Hoje, em Old Trafford, jogou-se o jogo para o qual o Real Madrid de Mourinho foi preparado desde o princípio, um jogo tacticamente fechado, que desde cedo se percebeu que penderia para o lado dos que falhassem menos, e que se resolveria pelos detalhes. O Manchester nunca pareceu muito incomodado em conceder a iniciativa ao adversário, até porque tinha a vantagem na eliminatória, e o Real ia tentando, com pouquíssimo engenho, e mais preocupado em aproveitar uma distracção de um adversário, uma bola parada, um lance de génio de algum dos seus jogadores. Até à expulsão de Nani, o Real Madrid nunca conseguiu criar as suas próprias situações de golo. Nunca conseguiu modificar as coordenadas do jogo estabelecidas pela equipa inglesa. Nunca conseguiu transformar um jogo fechado, que só se modificaria naturalmente na sequência de um detalhe, num jogo que se pudesse decidir por outra coisa que não por um detalhe. É este, aliás, o código genético desta equipa. Foi assim que foi eliminada o ano passado pelo Bayern, e era assim que, muito provavelmente, ia ser eliminada este ano nos oitavos de final, não fosse precisamente o detalhe de uma expulsão absurda a modificar a partida.

Há boas probabilidades de, nos próximos dois anos, José Mourinho não dizer uma única palavra acerca de um certo escândalo num certo estádio inglês, como tantas vezes disse acerca de um outro escândalo num outro estádio inglês, mas hoje o seu Real apurou-se porque foi feliz nos detalhes. Era, aliás, a única forma de se ter apurado, tivesse sido um detalhe externo ao jogo, como uma decisão de um árbitro, tivesse sido, pura e simplesmente, um lance de bola parada, uma escorregadela de um defesa, um erro infantil de alguém que não costuma errar. Foi assim que eliminou o Barcelona da taça do Rei, e foi assim que eliminou hoje o Manchester. Foi feliz nos detalhes. Isto porque, nesta história dos detalhes, tem mais sucesso quem é mais feliz, não quem é verdadeiramente melhor. O Real Madrid, hoje, foi feliz. O ano passado, diante do Bayern, não o foi. Como de resto, raramente o foi, desde que Mourinho chegou a Espanha, com o Barcelona. Mourinho preparou a equipa para ser competitiva, e é-o. Mas não a preparou para saber contornar a imponderabilidade dos detalhes. Se hoje foi feliz, amanhã pode não sê-lo, como não o foi no passado. É tudo uma questão de felicidade, e isso é pouco, numa equipa como aquela. Pode, com certeza, chegar para ganhar a Champions, mas uma competição como esta, como o Chelsea demonstrou o ano passado, é tão imponderável que isso não significa nada.
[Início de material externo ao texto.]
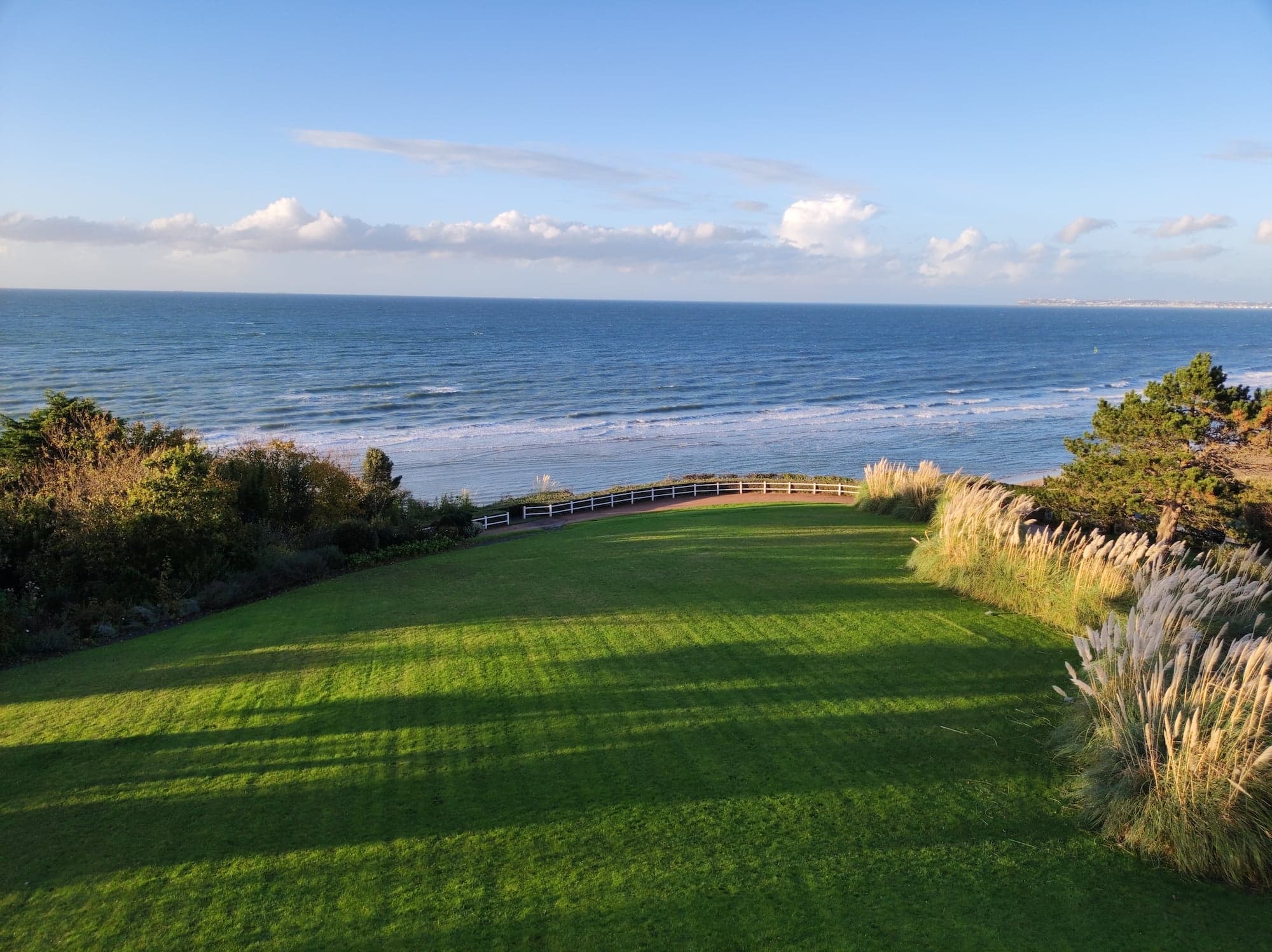 Lawn in front of the sea and the sun's rays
O jogo medíocre da equipa hoje em Old Trafford, incapaz de tomar as rédeas da partida, de obrigar o adversário a desmontar a defesa, pode, pelo resultado final, ter deixado os merengues muito felizes, mas demonstrou também, muito claramente, a vulgaridade de que é feita: tirando a qualidade do plantel, que não tem comparação com nenhum outro plantel no mundo, à excepção, talvez, do plantel catalão, o Real de Mourinho é uma equipa como tantas outras. E é pena que o seja.